La mixtape complète, sur youtube
Le côté mélancolique, chill de morceaux comme la quasi comptine "CUDDLE MY WRIST", traversées de parties de piano entre jazz soft et blues, ajoute à ce côté mature, un poil nostalgique, pensif et posé. Des fulgurances mélodiques au piano et dans le flow de Future, toujours assisté par son autotune magique, transcendent des morceaux comme le magnifique "RACKS BLUE", un morceau très expressif et touchant. On approche presque le somme "Codeine Crazy" sur ce dernier, ainsi que sur "RED LIGHT", où le duo a eu la bonne idée de mettre le piano et quelques cordes en avant, donnant un aperçu de ce qu'aurait pu donner un album de rap moderne produit par Chilly Gonzales (en espérant qu'un rappeur réponde à ses appels du pied). On n'est pas si loin d'un style adult contemporary influencé par le jazz des cocktails et des piano bars, méritant l'appellation de post-Katrina blues apposée à la musique chantée-rappée depuis Lil Wayne.
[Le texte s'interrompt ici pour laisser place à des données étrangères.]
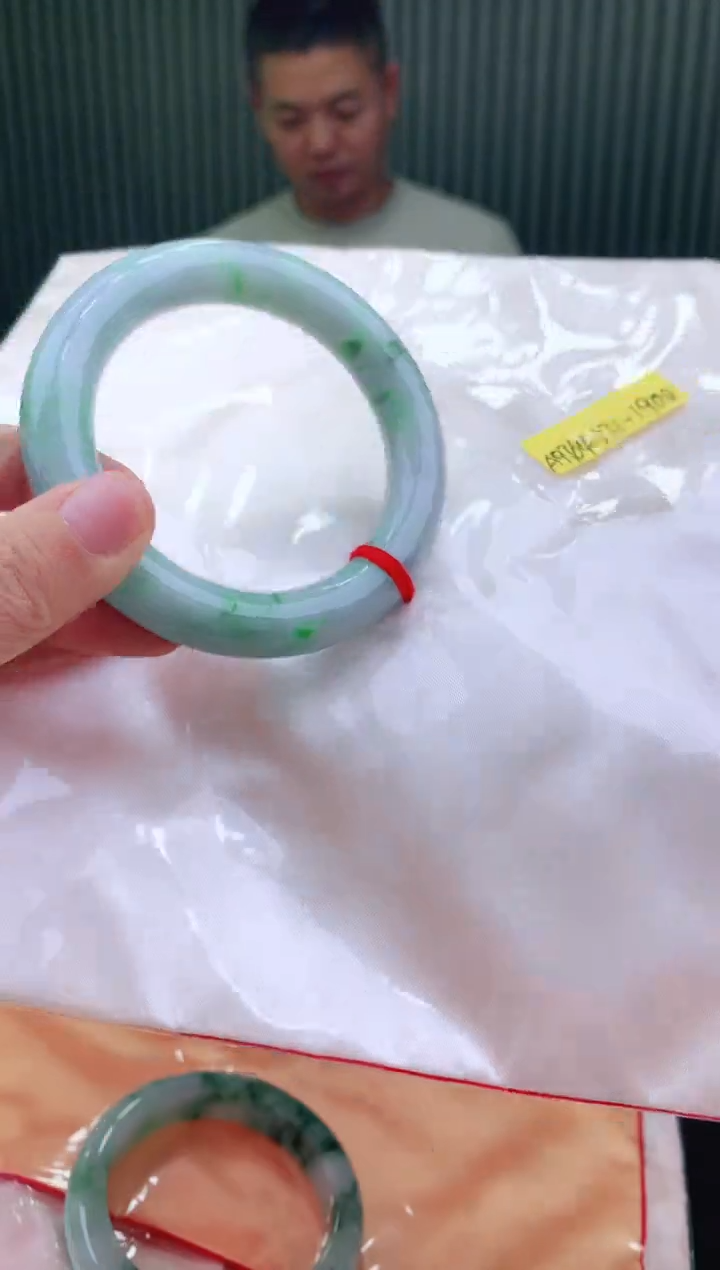 未镶嵌手镯翡翠57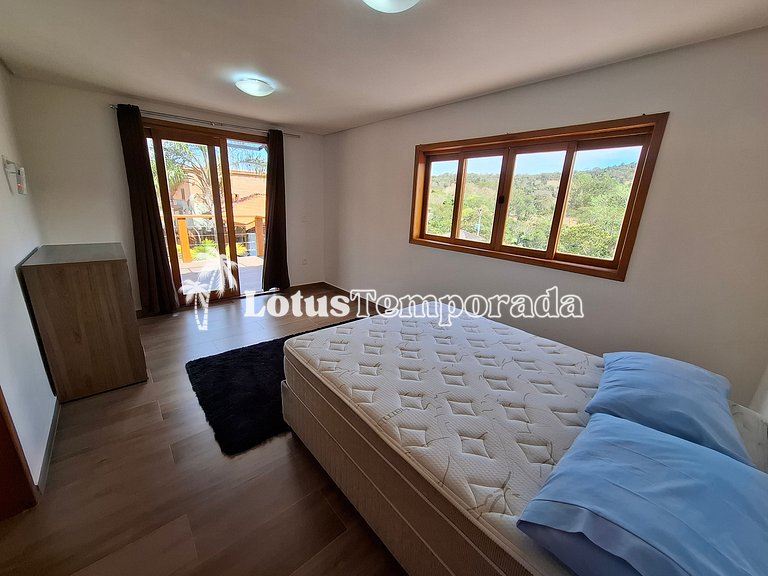 Chácara em Atibaia com Piscina e Jacuzzi em Cond. LT0078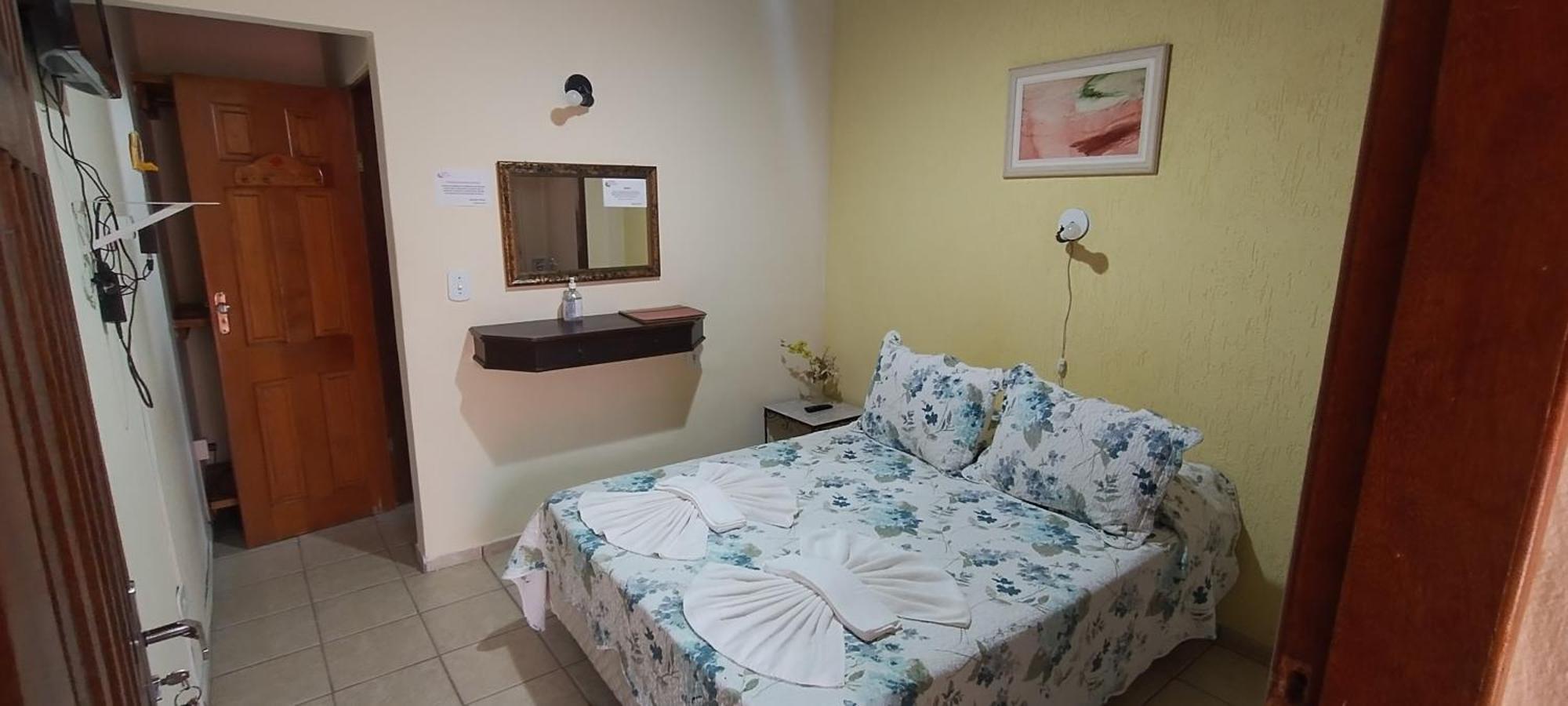 Hospedagem Vila Rica - 500M Do Centro De Cunha Sp エクステリア 写真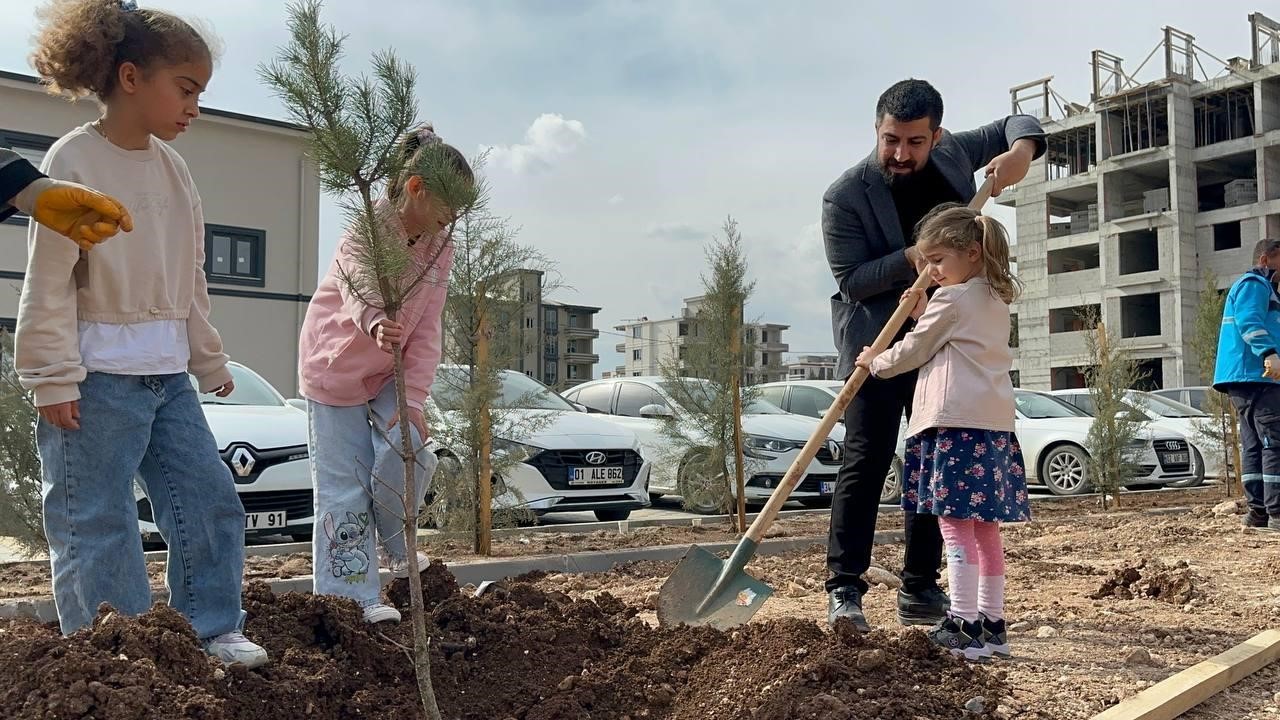 Adıyaman Belediyesi, 8 Mart'ta Yeni Mahalle'de kadınlarla fidan dikim etkinliği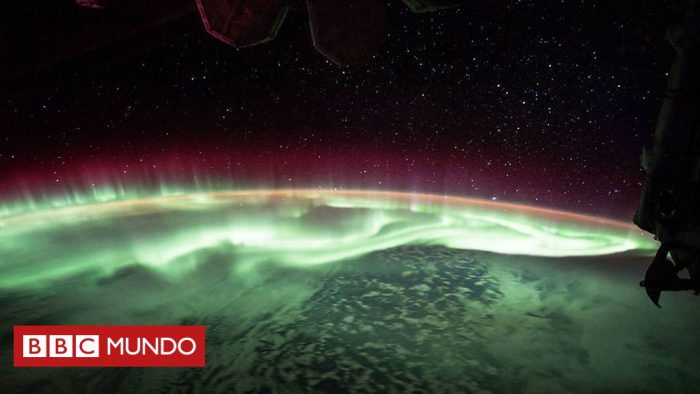 [VIDEO] Así se ve la hermosa e inmensa aurora boreal desde el espacio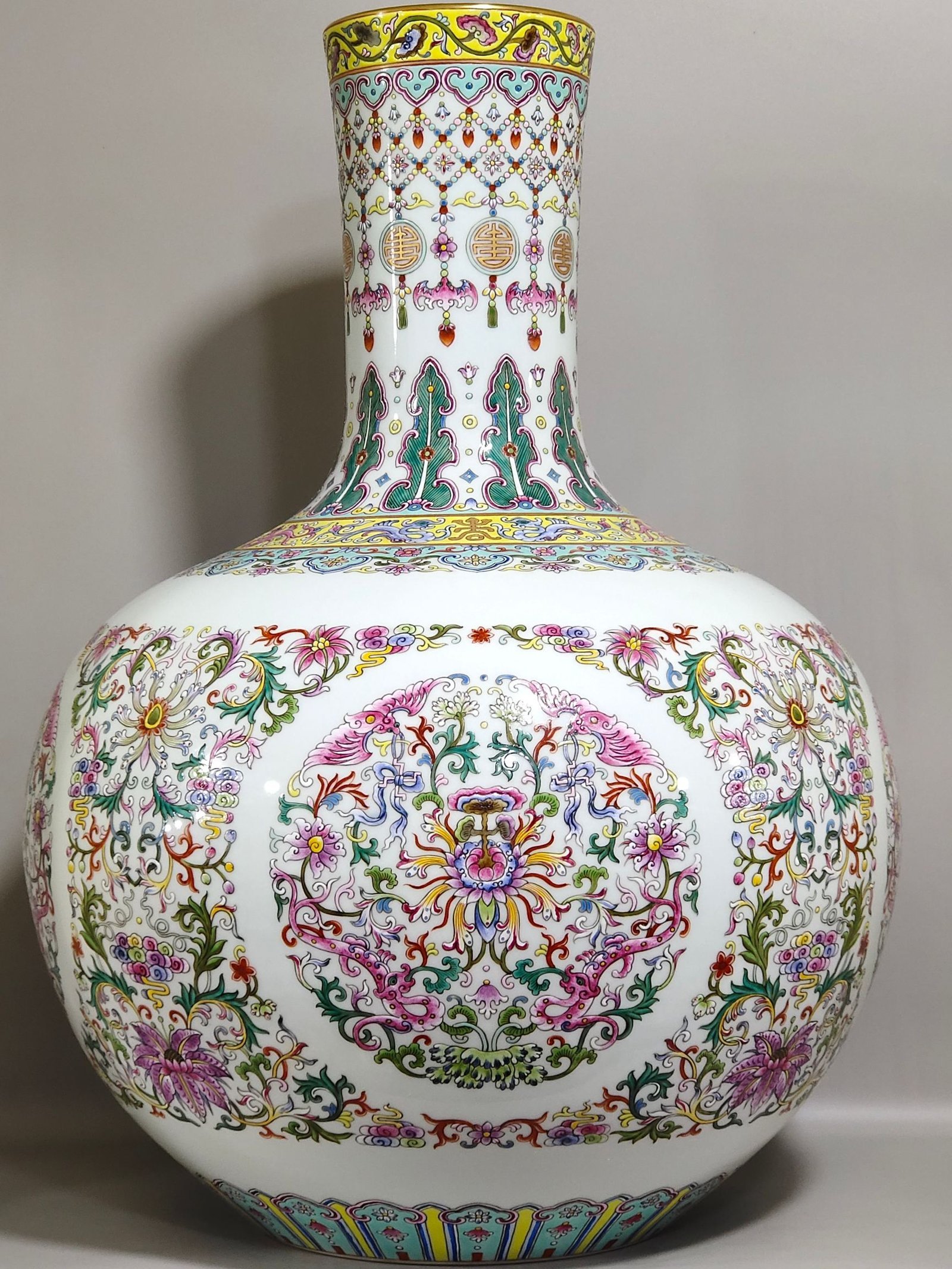 Qing Dynasty Qianlong blessing and longevity vase with dragons and phoenixes in the sky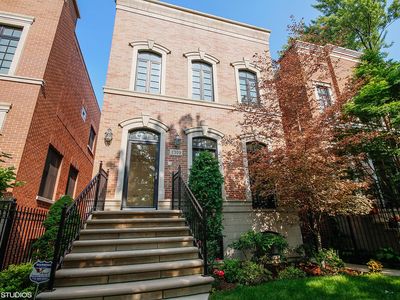 2309 N Rockwell St, Chicago, IL, 60647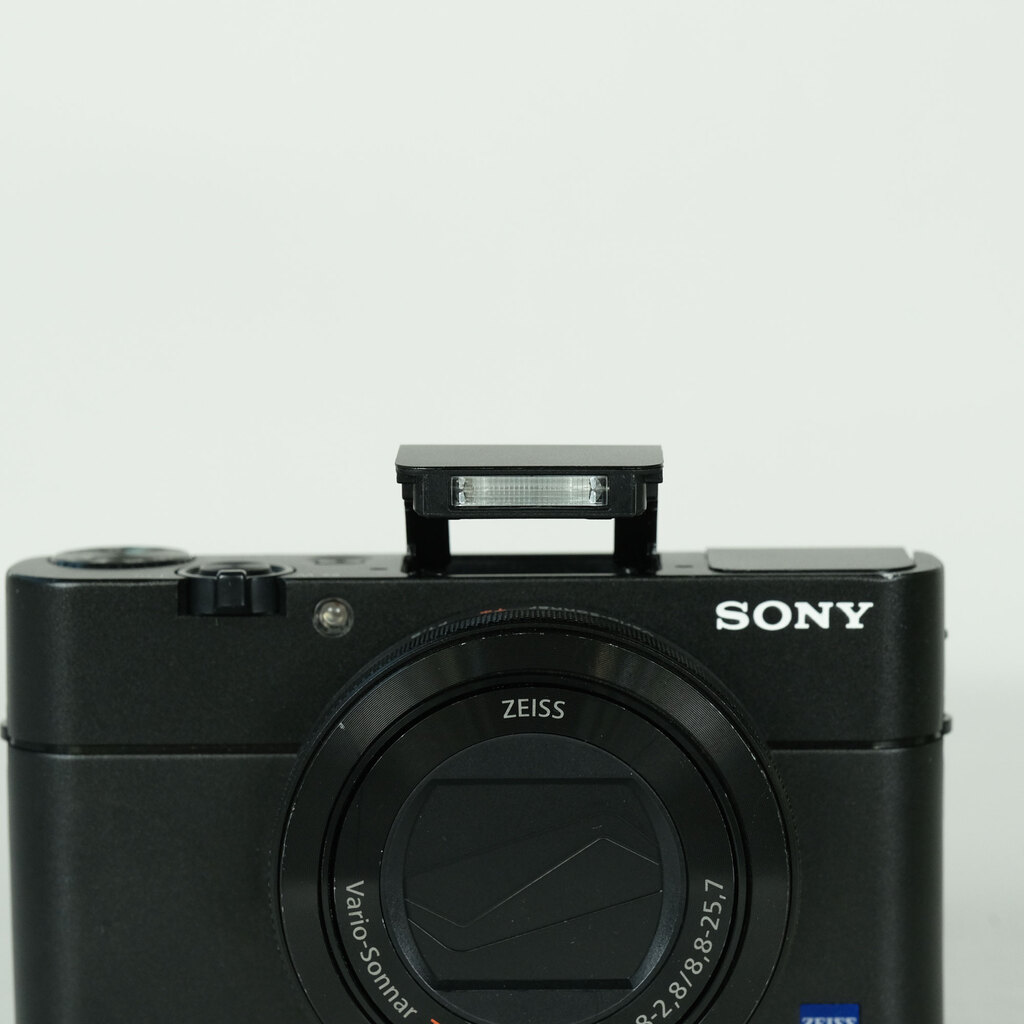 SONY Cyber-shot DSC-RX100M5Aの出品 | ONE SCENE（ワンシーン）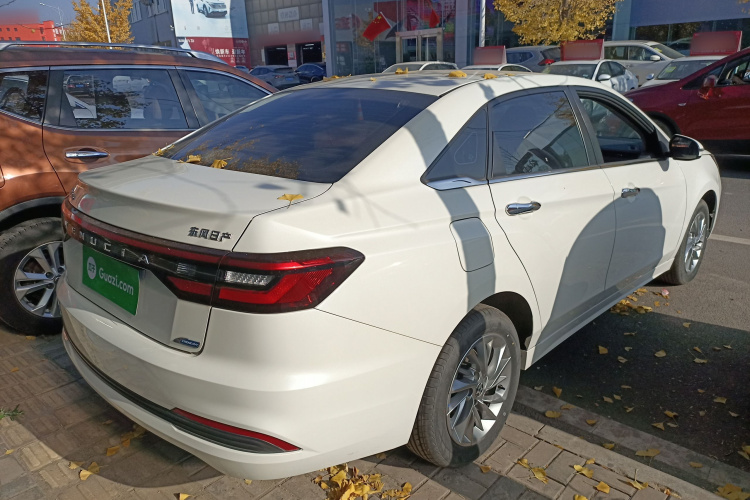 启辰D60 2021款 PLUS 1.6L XL CVT悦领版车身外观7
Dans un style tout aussi touchant, mais plus proche de l'électro-pop de groupes comme Passion Pit musicalement, Future est déchirant sur "WHEN I THINK ABOUT IT". Zaythoven s'y surpasse également au piano, aboutissant à un grand morceau. "HATE THE REAL ME" utilise des synthés qui sonnaient déjà too much dans les 80's comme sur Pluto, qui avait fait décoller Future en 2012, ou sur des morceaux plus récents comme la géniale "Lie To Me", présente sur le très cool EVOL (2016). Et elle les utilise là encore à des fins plus adultes et matures que jamais, avec un côté auto-référentiel très intéressant, tant pour souligner le temps passé depuis ces marqueurs de sa carrière (et donc de sa vie), y invitant une distance critique, une complicité malicieuse et bienveillante avec l'auditeur l'ayant suivi depuis, et un certain sens de la continuité.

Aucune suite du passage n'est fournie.